それを含めて考慮すると費用はどうしても公立と比べてかかります。
IBそのものが高いのではなく、IBに対応している学校の学費が高い傾向にある、ということですね。
私の場合は日本協会の派遣生という形で奨学金を頂いてIB校であるUWC中国校に通っています。
日本協会派遣生は毎年20名前後選出され、その中での3枠ほどは家庭の状況によって選ばれる全額奨学金枠もあります。
国際性
英語のみでの授業(もしくはフランス語、スペイン語)のため、英語漬けの毎日が送れると思います。
※IBは英語、フランス語、スペイン語の授業がありますが日本では英語が一般的だと思います。
また日本人が多いIB校であっても、IBそのものが国際性を育てることをコンセプトとしているため、様々な価値観に触れ合うことができます。

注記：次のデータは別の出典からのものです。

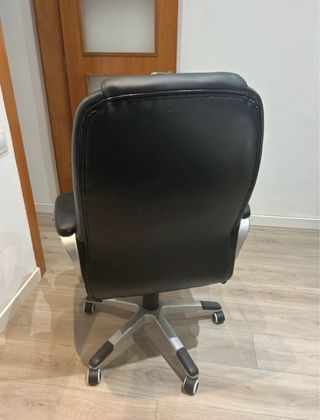 Silla de oficina piel negra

UWCの場合はそれに加えて学校内も人種のサラダボールなのでとにかく新鮮です。たくさんの国から人が来ているんです。100くらいだったかな?あまり覚えてないです。
そして複雑な背景を持つ人もたくさんいます。
台湾の子も、香港の子も、中国校にいます。
パスポートを複数持つ子もいます。
4カ国語など、複数言語をペラペラ話す子もいます。(独学で日本語を学んだ韓国の子と中国の子達の日本語はとてもとても上手で普通に日本語で接するぐらい上手なんです。)
戦争が当たり前なところから来る子もいます。
軍学校に通っていた子もいます。
たくさん、います。
難易度(学問としての)
IBの科目の評価方法はとにかく特殊です。
文学に関しての分析は日本と全く違います。気持ちを考える、というふんわりした分析より論理的な思考展開をするように授業を受けています。そして最終的にessayを沢山書くことになるのが特徴です。

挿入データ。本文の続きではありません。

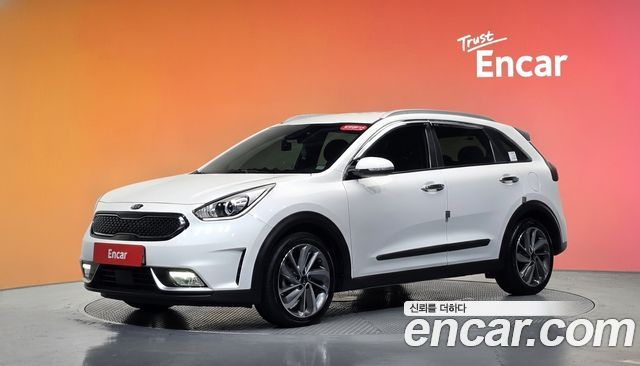 Kia Niro Prestige — пробег 53 696 км — фото 1 из 5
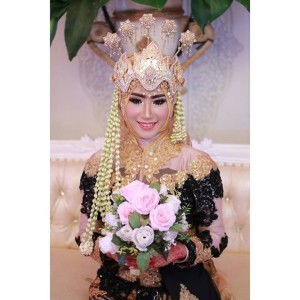 Julli Nuritasari profile icon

このessayがとにかくきつい。英語で書くから、というよりも日本での教育ならば生まれてからessayの書き方の指導を受けることなどほぼないと思うので。
Essayって実はとてつもなく論理的で数学のように展開しないといけないんです。が、よくわからないけど難しい。
本質をよくわかっていないからこそ、かもしれませんね。
それに加えて単語力が英語圏の幼稚園児レベルの私にとってはきつい…なんて事のないことを大袈裟にいう表現力があればなあって思います。結構だいじ。
純粋な学問(特に理系)では日本の方がレベル高いかもしれませんが、総合的にはIBはかなりきついです。
その理由として、IBで高得点を取るには教科の組み合わせを考えるところから始まり、問いへの答え方も「IBのやり方」という求められている型に完璧に沿って答えないといけないからです。
そのためには
1本質がわかっていること
2IBが求める答えの導き方を身につけること
が必要不可欠です。
それと単純に英語の問題もあります…分数とルートの言い方ってご存知ですか?私は知らなくてとても衝撃的で、かつすんなりそれを使いこなせない自分に初めは腹が立っていました😅
二分の一は、1 over 2です。これはまあいいのですが。
ルートの方は。ルート2は、2 to the power of 2。
ルート3は3 to the power of 2。
そしてこの○ to the power of ○以外にもいろいろ言い方があって、初めは訳わかりません…なんでもっと簡単にルート2、3で終わらせてくれないんだ!ってなっていました。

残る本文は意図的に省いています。